# 800 spread-bore 6211 secondary bowl leak out top.



## Stevegto01 (Dec 27, 2017)

Hi, my Pontiac 428 800 double pumper spread-bore is leaking out the top castle looking post on the secondary. I was getting backfires until I filled up the primary bowl through the vent. It was running on the secondaries only I think. I took off the secondary bowl and cleaned it, but haven't started it yet. I took the secondary float out and shook it, it doesn't seem to have a leak. Any other ideas? Could that starve the primaries somehow? After I filled the primary bowl it ran great again, but had to sop up the leaking gas on the top of the secondary bowl. Thanks!


----------



## PontiacJim (Dec 29, 2012)

Stevegto01 said:


> Hi, my Pontiac 428 800 double pumper spread-bore is leaking out the top castle looking post on the secondary. I was getting backfires until I filled up the primary bowl through the vent. It was running on the secondaries only I think. I took off the secondary bowl and cleaned it, but haven't started it yet. I took the secondary float out and shook it, it doesn't seem to have a leak. Any other ideas? Could that starve the primaries somehow? After I filled the primary bowl it ran great again, but had to sop up the leaking gas on the top of the secondary bowl. Thanks!

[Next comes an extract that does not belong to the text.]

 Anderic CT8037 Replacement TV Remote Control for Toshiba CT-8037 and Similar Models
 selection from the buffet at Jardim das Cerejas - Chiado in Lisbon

I would get a rebuild kit and simply go through the entire carb. Why waste your time chasing each little problem. You also want to ensure that you have a contemporary needle & seat assembly that is ethanol friendly. The older rubber tipped needle will deteriorate causing problems (if yours is of this type).

Your needle and seat assembly could be either stuck or have some form of blockage not allowing gas to fill the primary bowls. So rebuild it to freshen it up and set the floats to spec. Make sure none of the vent holes are plugged.


----------



## Stevegto01 (Dec 27, 2017)

Thanks. I did all of that, rebuilt the whole thing. New floats didn't come with the kit. I will take primary bowl off to see if there may be a problem there, but I did clean out everything. I am only getting non-ethanol gas, octane boost and lead additive, and sometimes Stabil if it will sit.
Thanks


----------



## Stevegto01 (Dec 27, 2017)

I took off the primary bowl and again cleaned everything out, filled up in the vent tube and then it ran fine again. I did put in an inline filter previously with sight glass.
I can now see some dirt specs in there, can that have clogged something in the primary and let only the secondary side fill up too much? The tank should probably be replaced, I drained it after sitting a long time and refilled it, but ran a bit without the inline filter, just the one in the carb. I am guessing dirt caused this. I think it is good again for now. Thanks


----------